When an announcer says, “Almost a travel” or “almost a carry,” 100% of the time that means it was simply an uncalled travel or carry…We love that the name of the host city is written on the side of every court, even if the glare from the venue’s lights make them difficult to read; Still, good job on that one, NCAA…We’ve got nothing personal against Casey Stern, but the dude who finished runner-up to him for that TBS studio host gig must be a tad non-plussed…Do yourself a favor and keep a tally of how many times the CBS studio dudes, particularly Charles and Kenny, reference something but cannot recall the name of the player or coach or school and then Ernie has to step in to supply the name. Yesterday we noted this on Twitter and moments later Kenny was making an LSU in ’19 comparison to Michigan in ’90 and could not recall the names of Bill Frieder-Steve Fisher…I know I’m an old-timer in terms of rules, but we need to eliminate the tuck-the-ball-under-your-arm drive to the hoop maneuver. Never mind that it can only be accomplished by taking an extra step, which leads me to this question: Why isn’t it a “gather step” when a post player moves his other foot on the low post?…How poetic to see Bill Murray, whose son is a Louisville assistant, rooting once again against the Gophers; you’ve gotta wonder is someone at the Selection Committee set that up, though we wouldn’t give them this much credit. Alas, for the Cardinals, it was not “a Cinderella story”…Tell me you laughed when you saw the “Introduction to Basket Weaving” ad; does the NCAA really want to be calling extra attention to this skill during the tournament?…

H To The Izzo

It’s difficult to opine on the Izzo Incident without, by the very act of mentioning it, making it appear bigger than it was. But we’ll try. Yes, if you watch the video (above) closely, you’ll note that the only humans who actually put hands on other humans here were the Spartan players placing hands on Izzo (to hold him back). So, yes, I gotcha.

But here’s why, for us, it’s so wrong: When a 64 year-old moves toward an 18- or 19- year-old in a threatening manner, he’s unconsciously acknowledging that the only reason he may do so with impunity is that he holds all the cards. He has job security and is financially set for life. The player’s hoops future, meanwhile, rests in his hands. The coach has all the leverage, which is the only reason he can presume that a physical altercation between the two won’t end up with him laying unconscious. Which is how it would end up any other time these two squared off. So by moving toward Henry the way Izzo did, he’s exploiting his position.

Bark at your player all you want. But when you move at him as if you’re going to physically manhandle him, you’re being a bully. Because in the real world you’d be KO’d.

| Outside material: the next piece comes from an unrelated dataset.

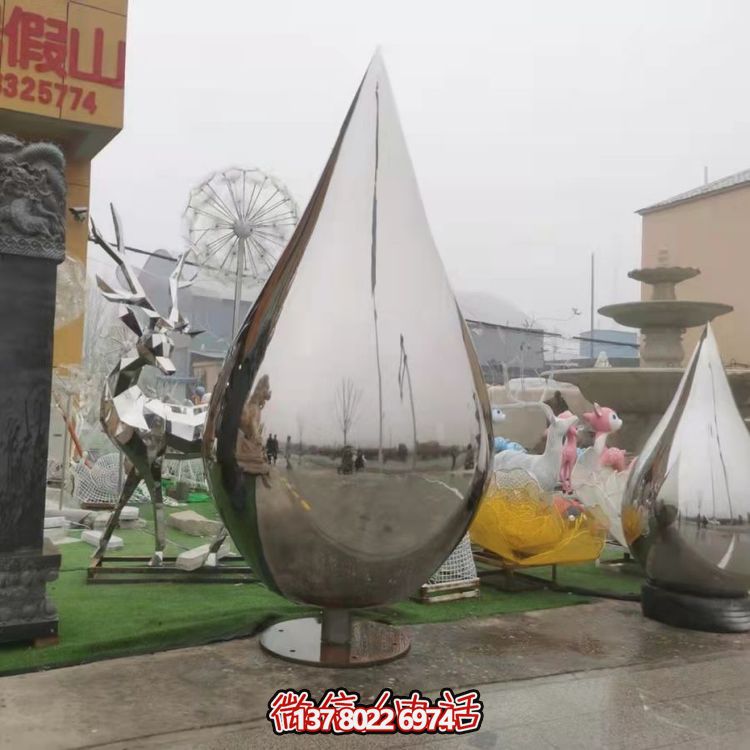 大型不锈钢水滴雕塑，营造出完美的室外空间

We thought it was telling when Reggie Miller, seated courtside, offered, “I don’t mind the passion and the fire, especially if it’s directed at—with good intent.” Are you paying attention? Reggie was about to say “a freshman” but then caught himself and realized how out-of-touch that would sound. So, deftly, he quickly changed it to “with good intent.” Me, personally, I’m sick of “good intent.” Give me “good results” instead.

Hey Ja!

While only attempting eight shots yesterday afternoon, Murray State sophomore Ja Morant totally controlled the action in the Racers’ runaway win against Marquette. We liked what Kenny the Jet said about him: “He’s quick, but he doesn’t hurry.” So true. There were moments when Morant would grab a defensive board and lead a fast break that led to an assist, but there were just as many when he’d slow the action, wait for a pick to develop, and let the play come to him.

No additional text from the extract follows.